Reputation: 43
I read from this documentation that the ProcessingStep can accept job arguments.
I currently have a python script contaning a function to be executed via ProcessingStep that requires arguments to be parsed in. I am not sure how I can extract the arguments from the 'Job arguments' such that I can call the function in the python script with the arguments.

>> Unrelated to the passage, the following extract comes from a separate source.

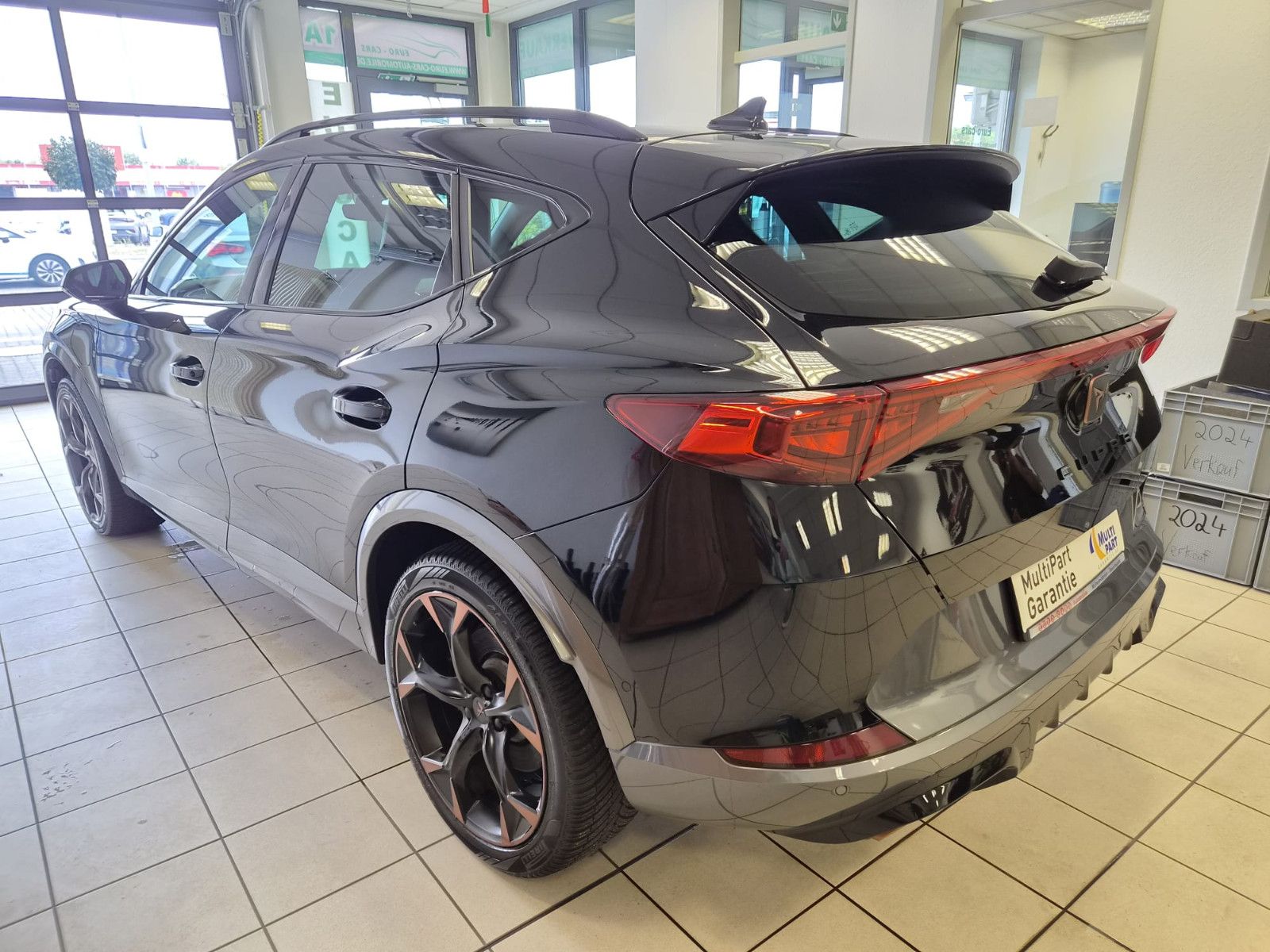 Fahrzeugabbildung CUPRA Formentor VZ e-Hybrid / GEPFLEGT / 1. HAND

Here is an example of code snippet from my python script:
def params(input_params):
details = {"database": input_params[0],
"table": input_params[1],
"catalog": input_params[2],
"earliestday": int(input_params[3]),
"latestday": int(input_params[4]),
"s3bucket": input_params[5],
"bucketpath": input_params[6]}
return details
output_params = params(input_params) #this is where I'm not sure how I can extract the argument from the job arguments in the ProcessingStep to call my function here
Here's what my processing step code looks like:
step_params = ProcessingStep(
name="StateParams",
processor=sklearn_processor,
outputs = [processing_output],
job_arguments = ["ABC", "SESSION_123", "AwsDataCatalog", "5", "7", "mybucket", "bucket2/tmp/athena_sagemaker"], #This is the job argument I input which I hope will be parsed into my python file function
code = "params.py",
)
Would greatly appreciate if any of you can advise me on how I can go about using the job arguments in the ProcessingStep to successfully call the function in the python script, thanks!
Upvotes: 1
Views: 3236
Reputation: 576
You can pass the job argument to ProcessingStep like this:
sample_argument_1 = "sample_arg_1"
sample_argument_2 = "sample_arg_2"
step_params = ProcessingStep(
name="StateParams",
processor=sklearn_processor,
outputs = [processing_output],
job_arguments = ["--sample-argument-1", sample_argument_1, "--sample-argument-2", sample_argument_2],
code = "params.py",
)
In your params.py file you can use the arguments like this:
import argparse
parser = argparse.ArgumentParser()
parser.add_argument('--sample-argument-1', type=str, dest='sample_argument_1')
parser.add_argument('--sample-argument-2', type=str, dest='sample_argument_2')
args = parser.parse_args()
arg_1 = args.sample_argument_1
print("arg_1:")
print(arg_1)
Upvotes: 3